American electrical engineer

Lewis Buckley Stillwell (March 12, 1863 – January 19, 1941) was an American electrical engineer and the president of American Institute of Electrical Engineers (AIEE) from 1909 to 1910. He received the AIEE Lamme Medal (1933) and the AIEE Edison Medal (1935), for "his distinguished engineering achievements and his pioneer work in the generation, distribution, and utilization of electric energy." He also was inducted into the IEEE's Electrical Engineering Hall of Fame. His papers (1886–1939) are held in the Manuscript Division of the Princeton University Library. In 1898, he was elected to the American Philosophical Society. He was elected as a member of the National Academy of Sciences in 1921.

Stillwell matriculated at Wesleyan University in 1882; two years later he entered Lehigh University and graduated in 1885 with a degree in electrical engineering.

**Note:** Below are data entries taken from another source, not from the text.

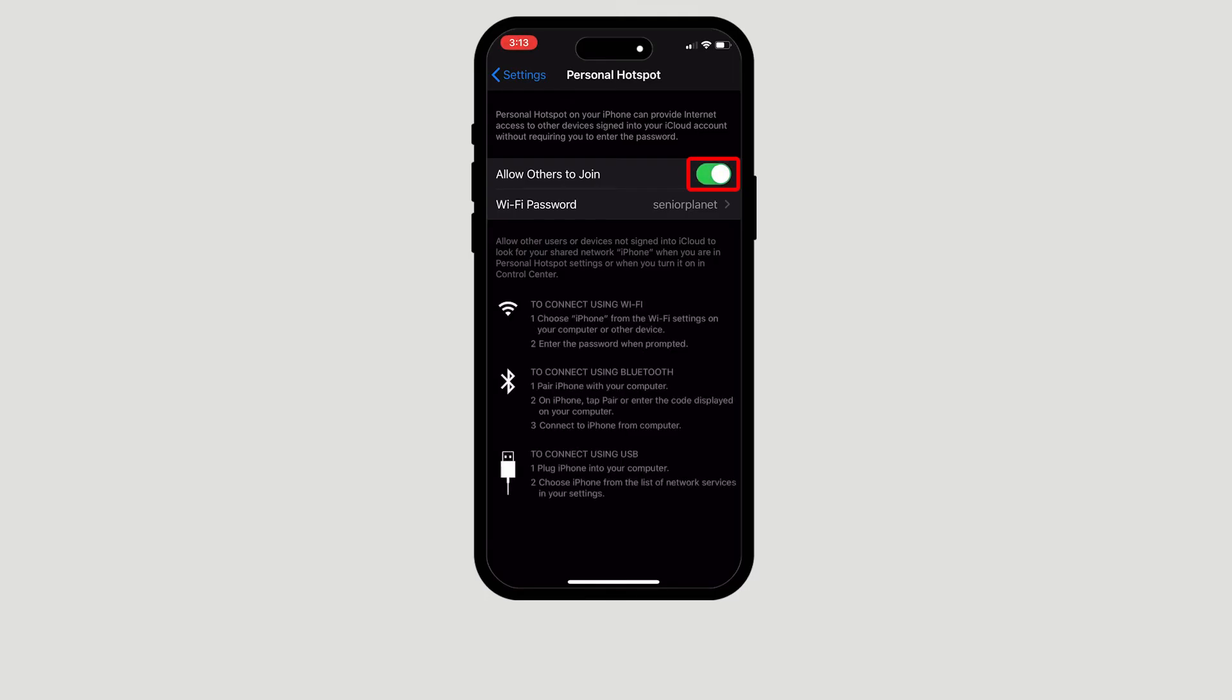It should turn green, letting you know that your personal hotspot is now ready to use and it will function as any other Wi-Fi network would.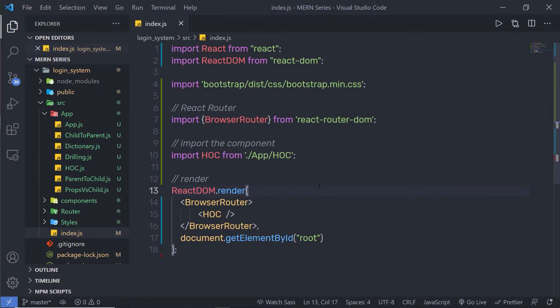In this lecture we're going to talk about how to create references in a React application. References make it possible to access DOM nodes directly within React. This comes in handy in situations where, for example, you want to change the value of an input element without using props or re-rendering the whole component.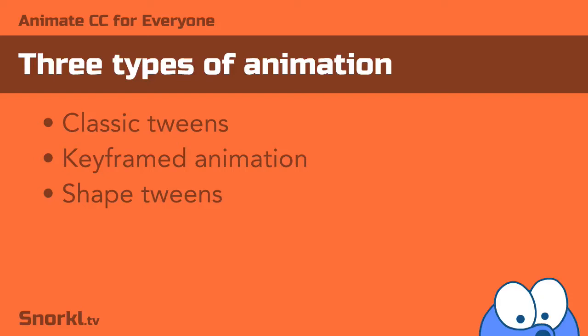Now that we have a decent understanding of our workspace and different panels inside of Animate CC, I want to focus on the three types of animation that we'll be creating in this course.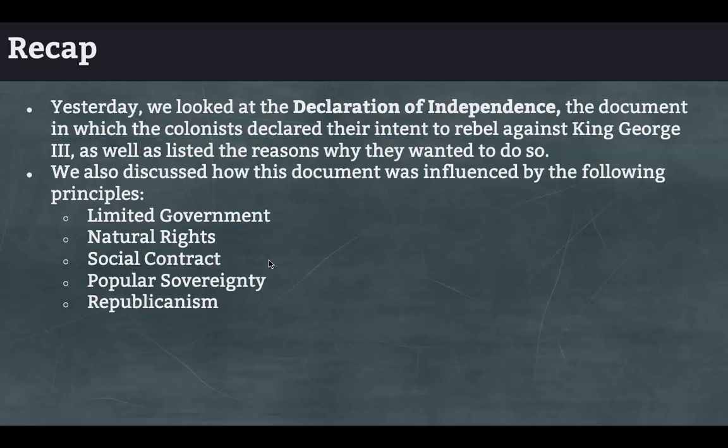The social contract means we give our power to the government just so long as it does what it's supposed to do in terms of protecting us. If it fails to do so, we take that contract back and pass it on to someone else that might do a better job. That's what's built into our entire election system — we allow that person to run things until they fail, and then we vote for someone else.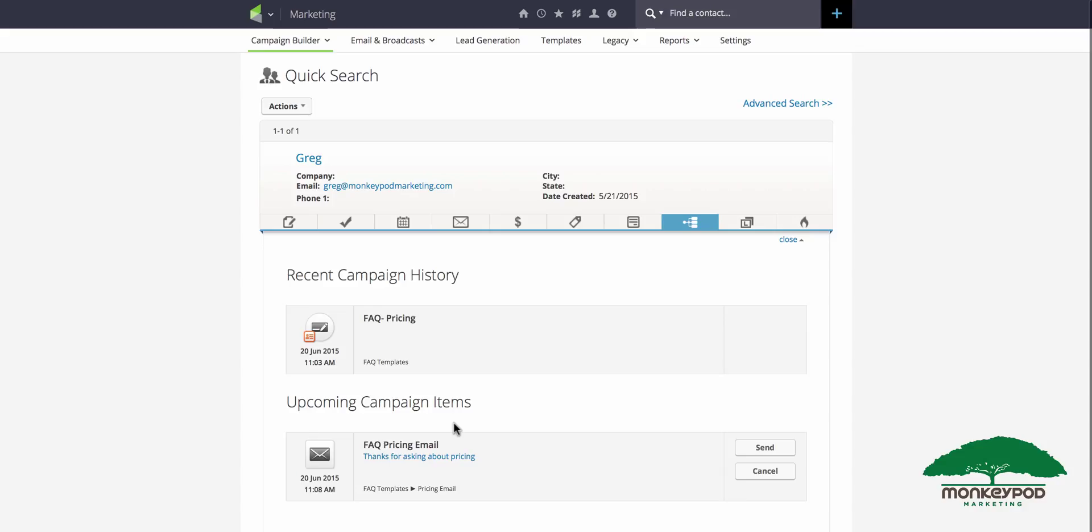By automating simple steps like this, you might only save two or three minutes at a time, but for the things that you do several times a week, that time adds up and you can get back to spending your time focusing on the things that you're best at and most passionate about. Good luck.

Lehigh bestowed the M.S. degree upon him in 1907; Wesleyan, the Sc.D. in the same year. "He is credited with a number of inventions including the Stillwell regulator and a time-limit circuit breaker." "Few of the pioneer electrical engineers of the United States contributed as much to the advancement of electrical engineering, and the position of the engineer in public esteem, as did Lewis Buckley Stillwell."